<<<<
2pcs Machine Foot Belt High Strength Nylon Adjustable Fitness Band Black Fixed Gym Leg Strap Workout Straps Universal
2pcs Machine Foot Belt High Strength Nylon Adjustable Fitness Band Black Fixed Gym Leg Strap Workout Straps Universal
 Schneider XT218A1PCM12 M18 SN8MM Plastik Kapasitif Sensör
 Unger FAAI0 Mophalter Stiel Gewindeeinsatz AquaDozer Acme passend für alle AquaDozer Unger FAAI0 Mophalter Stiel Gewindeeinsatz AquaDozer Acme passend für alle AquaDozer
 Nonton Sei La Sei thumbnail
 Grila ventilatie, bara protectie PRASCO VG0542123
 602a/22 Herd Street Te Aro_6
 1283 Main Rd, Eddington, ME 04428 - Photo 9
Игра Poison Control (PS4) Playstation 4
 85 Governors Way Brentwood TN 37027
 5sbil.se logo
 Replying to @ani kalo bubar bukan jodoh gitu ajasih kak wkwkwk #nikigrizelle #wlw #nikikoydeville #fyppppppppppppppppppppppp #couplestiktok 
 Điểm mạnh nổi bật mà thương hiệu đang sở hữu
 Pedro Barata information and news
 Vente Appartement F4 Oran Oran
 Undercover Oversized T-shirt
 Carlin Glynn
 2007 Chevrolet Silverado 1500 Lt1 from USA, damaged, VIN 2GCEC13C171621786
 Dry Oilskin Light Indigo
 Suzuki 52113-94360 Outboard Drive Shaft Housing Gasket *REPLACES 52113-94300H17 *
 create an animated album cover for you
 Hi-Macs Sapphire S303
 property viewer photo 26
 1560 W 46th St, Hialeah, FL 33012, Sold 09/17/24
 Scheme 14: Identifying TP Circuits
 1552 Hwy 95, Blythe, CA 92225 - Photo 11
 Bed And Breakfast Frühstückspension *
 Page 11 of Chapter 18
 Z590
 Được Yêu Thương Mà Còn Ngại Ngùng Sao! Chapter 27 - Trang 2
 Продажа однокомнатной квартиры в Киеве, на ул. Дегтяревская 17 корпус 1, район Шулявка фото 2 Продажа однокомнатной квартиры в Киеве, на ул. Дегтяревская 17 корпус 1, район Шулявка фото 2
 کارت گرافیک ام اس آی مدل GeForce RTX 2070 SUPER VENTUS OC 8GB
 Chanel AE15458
>>>>
Exercise:
The expected answer is the lines from the one containing "create an animated album cover for you" through the end of the material, reproduced exactly with both ends kept.

Solution to this task:
 create an animated album cover for you
 Hi-Macs Sapphire S303
 property viewer photo 26
 1560 W 46th St, Hialeah, FL 33012, Sold 09/17/24
 Scheme 14: Identifying TP Circuits
 1552 Hwy 95, Blythe, CA 92225 - Photo 11
 Bed And Breakfast Frühstückspension *
 Page 11 of Chapter 18
 Z590
 Được Yêu Thương Mà Còn Ngại Ngùng Sao! Chapter 27 - Trang 2
 Продажа однокомнатной квартиры в Киеве, на ул. Дегтяревская 17 корпус 1, район Шулявка фото 2 Продажа однокомнатной квартиры в Киеве, на ул. Дегтяревская 17 корпус 1, район Шулявка фото 2
 کارت گرافیک ام اس آی مدل GeForce RTX 2070 SUPER VENTUS OC 8GB
 Chanel AE15458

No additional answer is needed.